*** INPUT DATA Section Begins ***

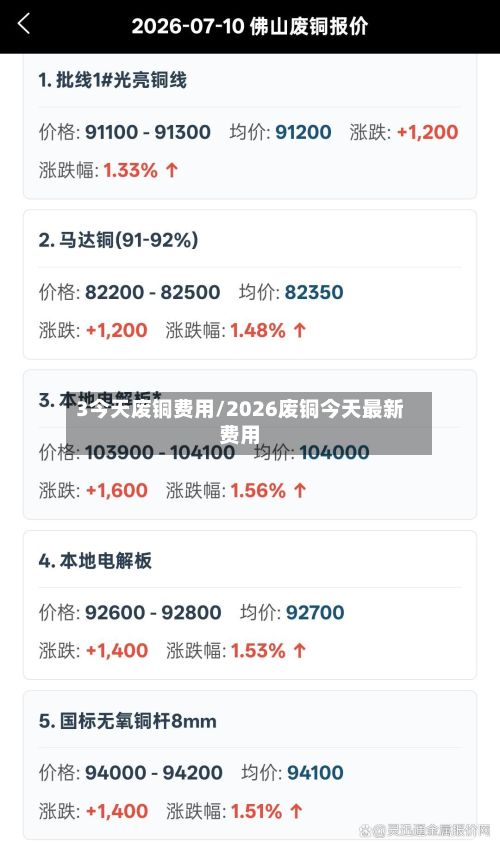 3今天废铜费用/2026废铜今天最新费用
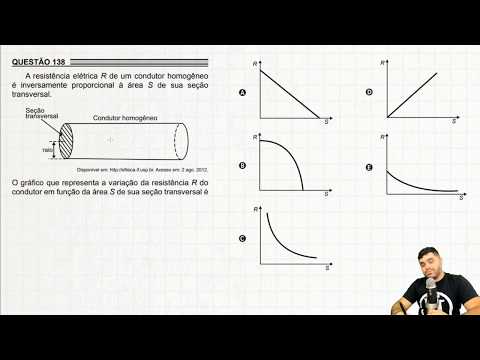 ENEM PPL 2018 138 The electrical resistance R of a homogeneous conductor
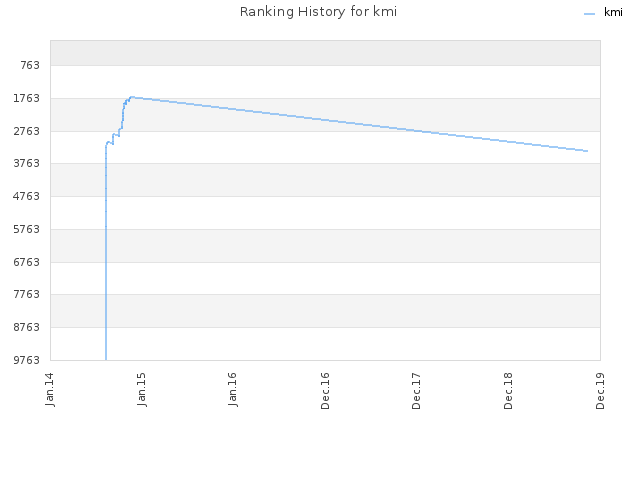 Ranking History for kmi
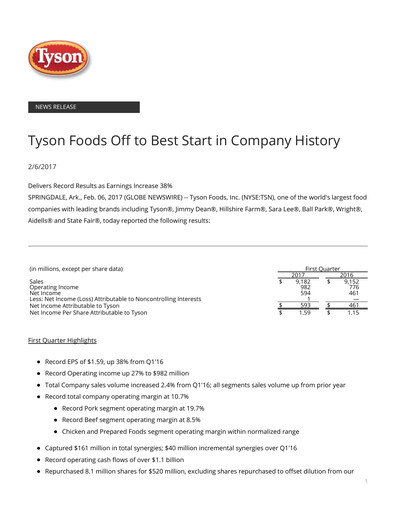 Thumbnail Tyson Foods
 Quarterly Report 2017-q1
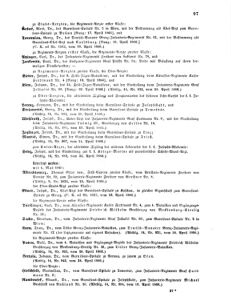 Kaiserlich-königliches Armee-Verordnungsblatt: Personal-Angelegenheiten 18660425 Seite: 19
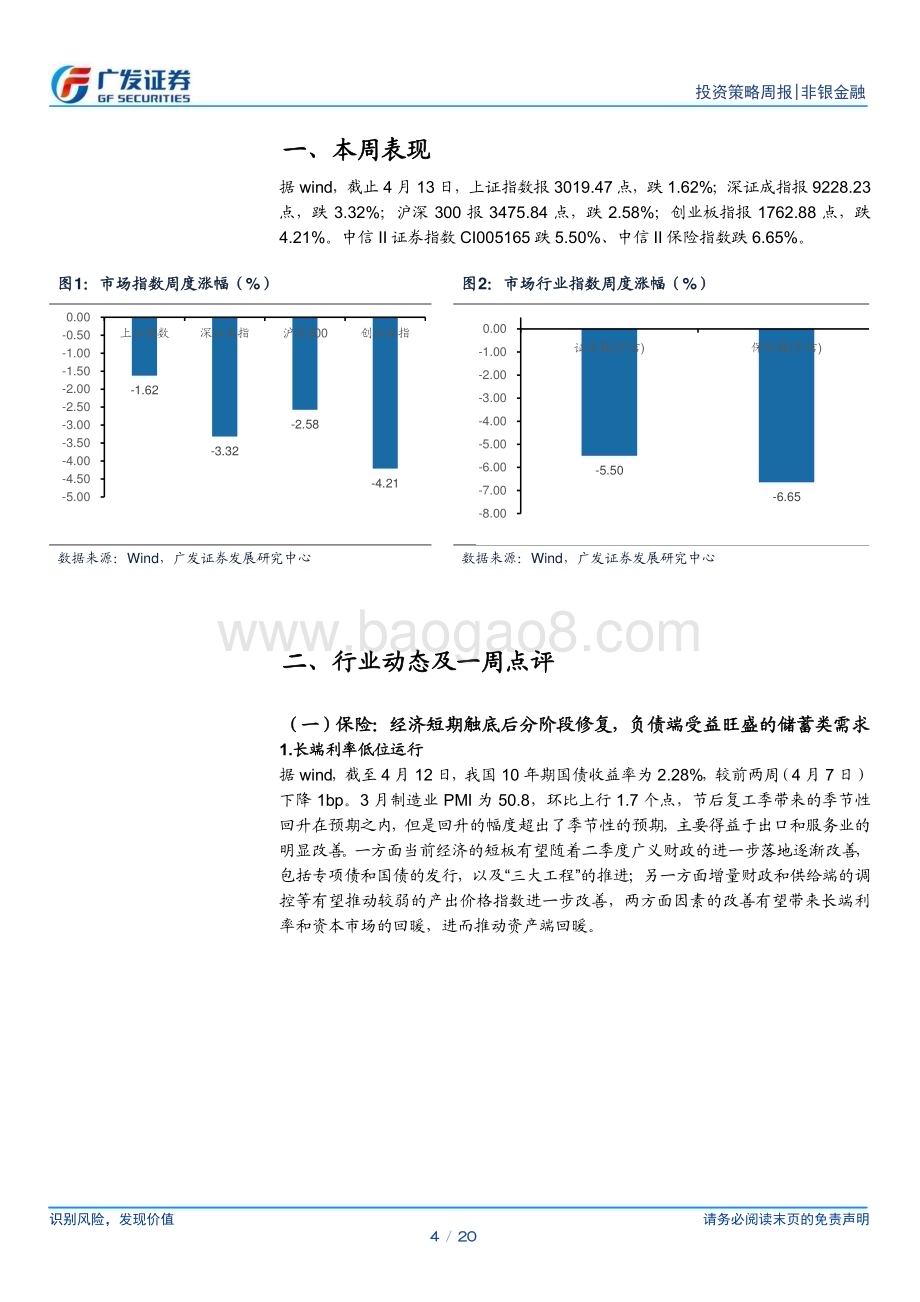20240414_广发证券_非银金融行业：第三次国九条出台护航资本市场高质量发展_20页.pdf_第4页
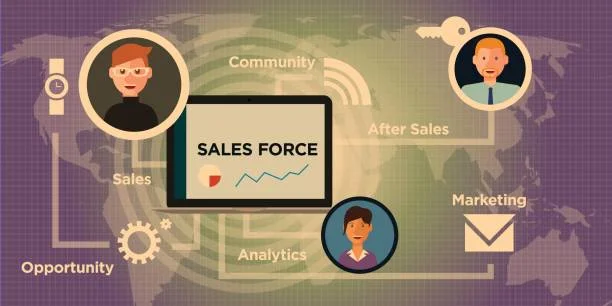 Salesforce Migration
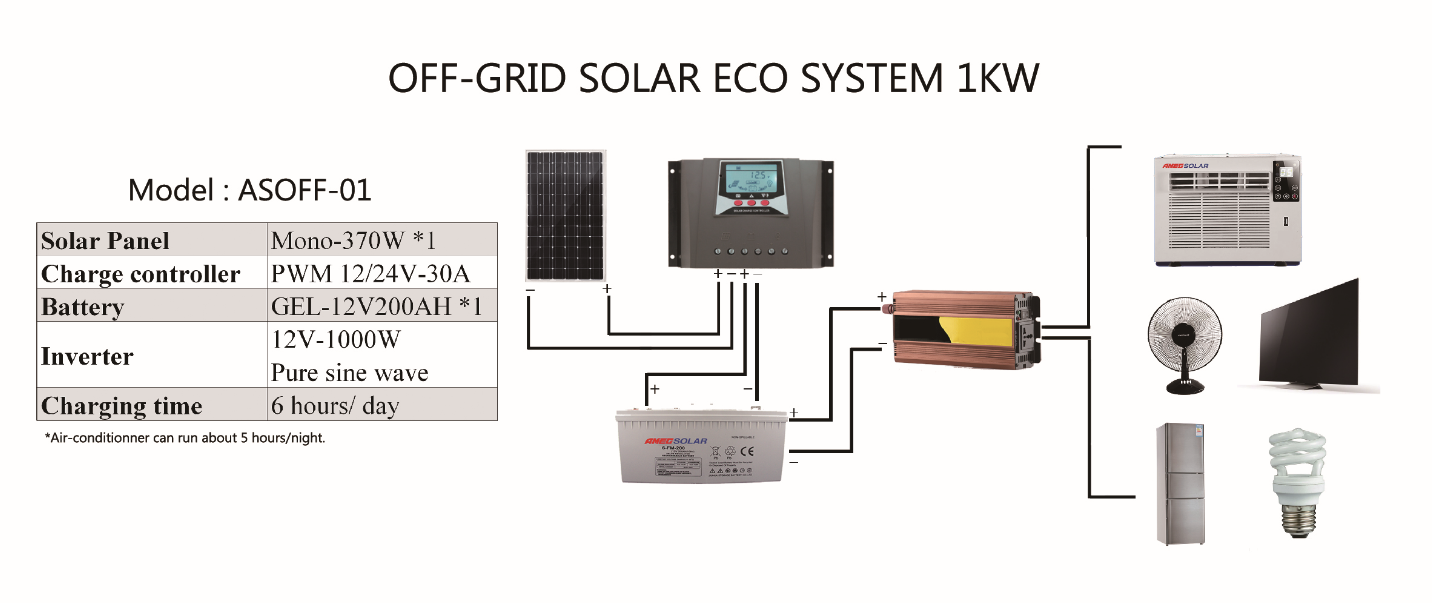 SOLAR OFF-GRID POWER 1KW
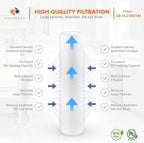 Aquaboon 5 Micron 20 x 4.5 Water Filter Cartridges Set of 4, Whole House Water - Image 8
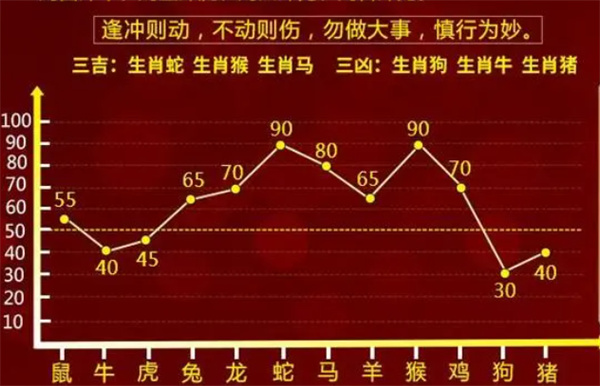 最準(zhǔn)一肖一碼100%噢,功能性操作方案制定_薄荷版36.52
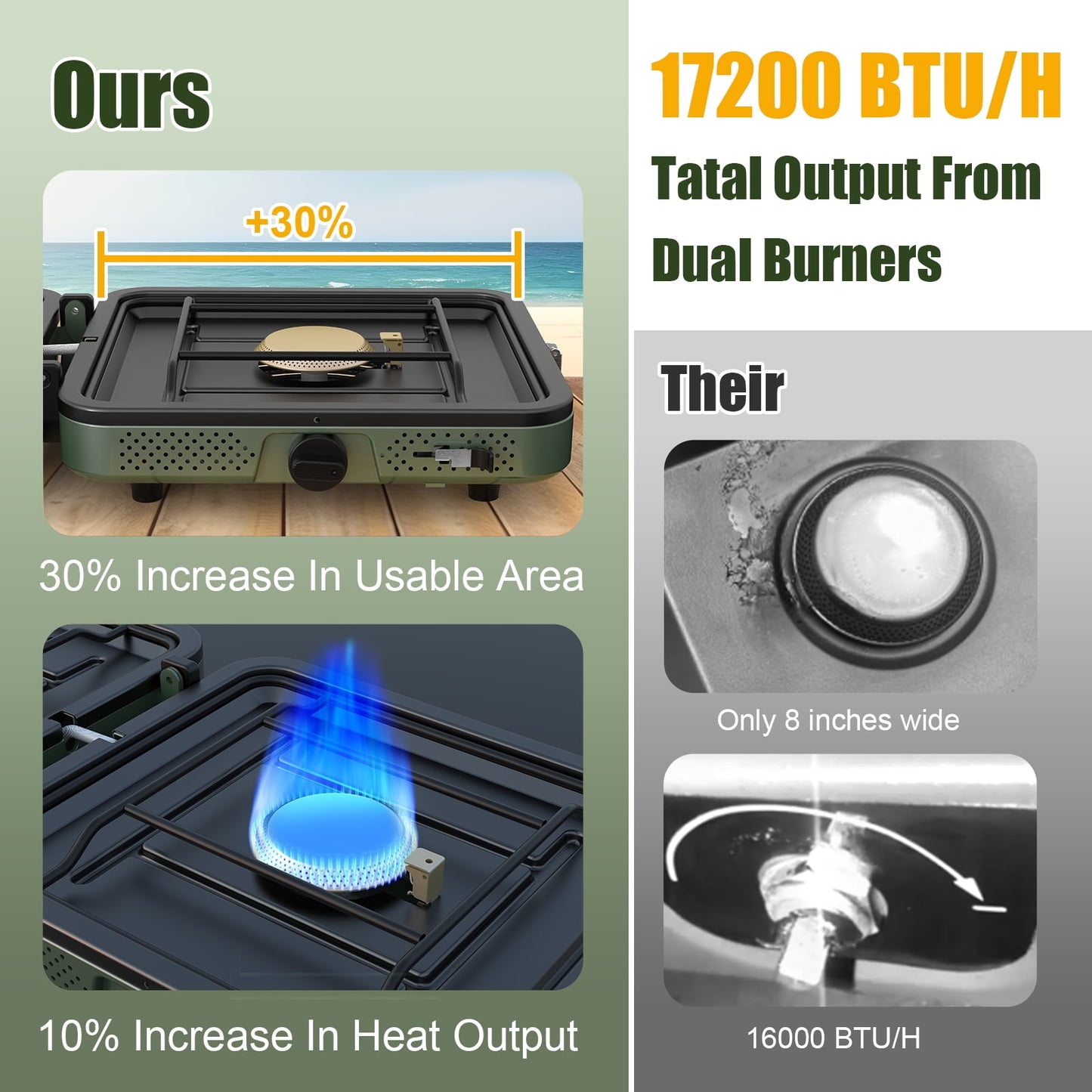 Upgraded 2 Burner Propane Camping Stove, Foldable Camp Stove With 17,000 Btu, Two Adjustable Burners With Connection Pipe & Easy Carrying Handle Bag, Portable Stove For Camping, BBQ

*** INPUT DATA Section Ends ***

## [WHAT YOU HAVE TO DO]
Each line from the line containing "最準(zhǔn)一肖一碼100%噢,功能性操作方案制定_薄荷版36.52" through the last line above must be written out exactly, and every picture must be omitted.

## [FINISHED EXERCISE]
 最準(zhǔn)一肖一碼100%噢,功能性操作方案制定_薄荷版36.52
 Upgraded 2 Burner Propane Camping Stove, Foldable Camp Stove With 17,000 Btu, Two Adjustable Burners With Connection Pipe & Easy Carrying Handle Bag, Portable Stove For Camping, BBQ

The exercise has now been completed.